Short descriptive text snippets
<<<<
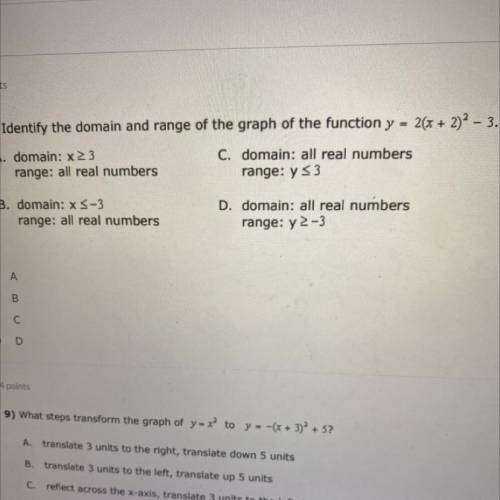 8) Identify the domain and range of the graph of the function y =

2(x + 2)^2-3.
A. domain: x23
ra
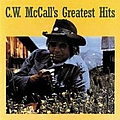 C.W. McCall - Greatest Hits album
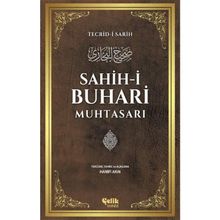 Sahih-i Buhari Muhtasarı - Salahüddin ibn’i Mübarek el-Buhari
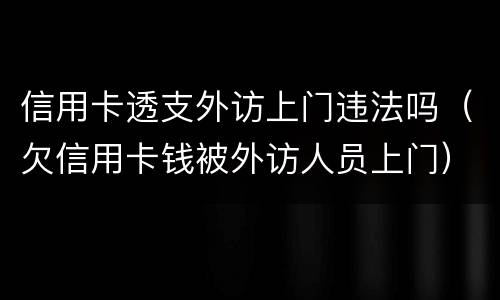信用卡透支外访上门违法吗（欠信用卡钱被外访人员上门）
>>>>
#### [Exercise directions]
Please return the records above exactly as written, dropping every picture.

#### [Finished exercise]
 8) Identify the domain and range of the graph of the function y =

2(x + 2)^2-3.
A. domain: x23
ra
 C.W. McCall - Greatest Hits album
 Sahih-i Buhari Muhtasarı - Salahüddin ibn’i Mübarek el-Buhari
信用卡透支外访上门违法吗（欠信用卡钱被外访人员上门）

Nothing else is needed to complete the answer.